Lauren Danson Purvis’s company, Mizuba, has had a successful 10-year run. Experts advise how she can keep it going while having a baby
Lauren Danson Purvis was fresh out of college in 2012 when she launched Mizuba Tea Co, her business that imports and sells fine matcha tea from Uji, Japan. A lifelong tea nerd, Purvis had befriended a tea farmer on a family trip to the region, which is near Kyoto and is the birthplace of matcha, a stone-milled jade-colored green tea used in Japanese tea ceremonies. A few years later, when the farmer she’d become friends with asked for help selling his tea in the US, Purvis decided to start a business. But she quickly realized how little she knew about business in general, let alone how to import tea, meet Food and Drug Administration regulations, and create sell sheets for retailers. “I never cried so much as I did that first year,” Purvis, 33, says. “The sheer learning curve was extremely overwhelming. I had no idea what this entailed, but I knew I loved matcha enough to want to see it happen.”

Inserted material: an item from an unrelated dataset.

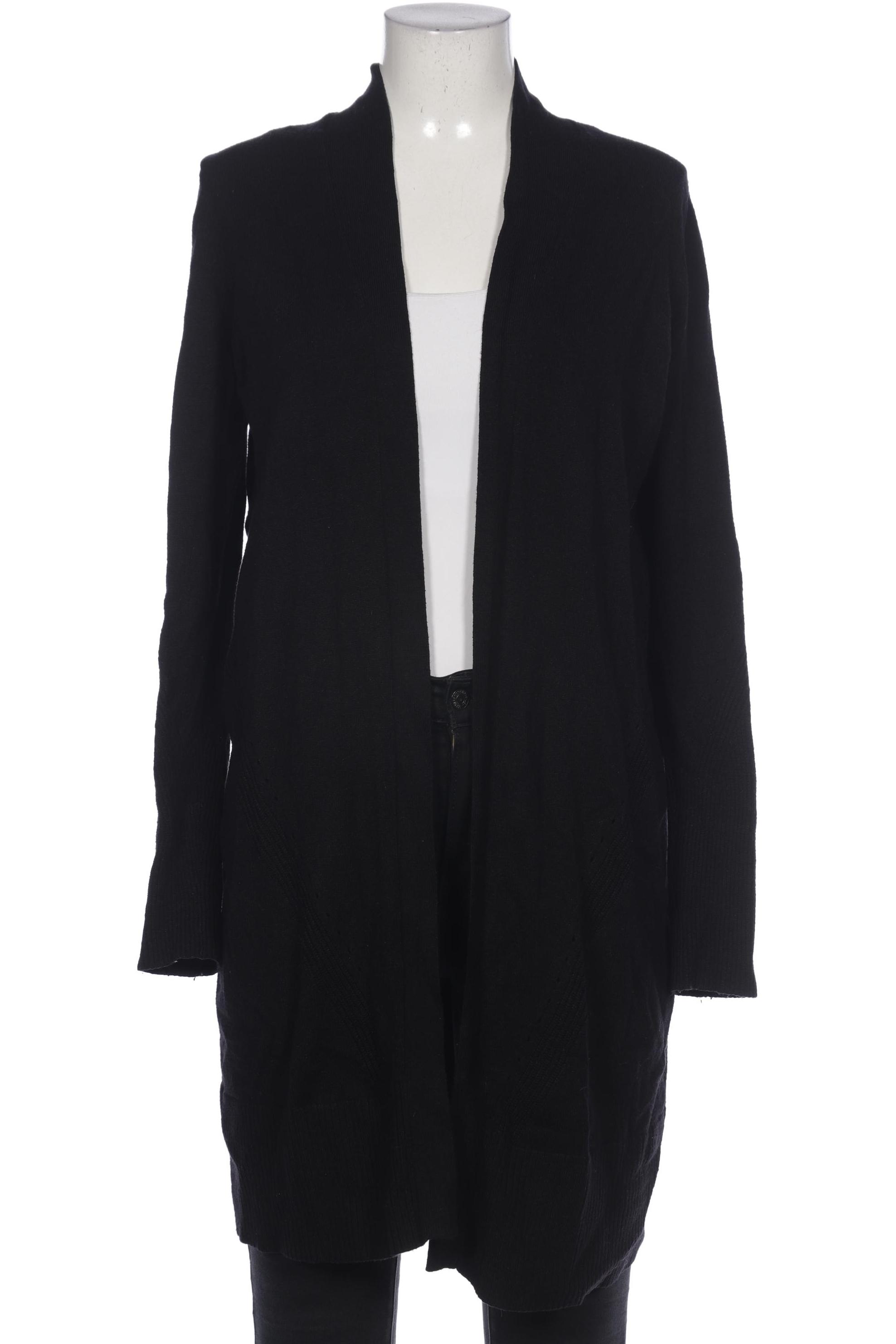 

Comma Damen Strickjacke, schwarz, Gr. 38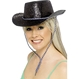  Costume Carnaval, Costumatii Bal mascat - Palarii - Sepci Palarie Cowboy Neagra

Her father, a family doctor who ran a practice in the Santa Barbara area for 30 years, shared advice on hiring and setting up her business, and staked Mizuba with a small loan. Purvis repaid him the first year, and has been profitable ever since. Her mom came onboard – now known as “the matcha mom” in the region around the family home – and handles deliveries, receives shipments and watches inventory. Purvis’s father joined as the CFO, and is in charge of payroll and financial matters. Her husband, Dan, is a graphic designer who started out working on packaging. In 2018 he came onboard full-time as the COO and food safety manager – as well as the company’s janitor.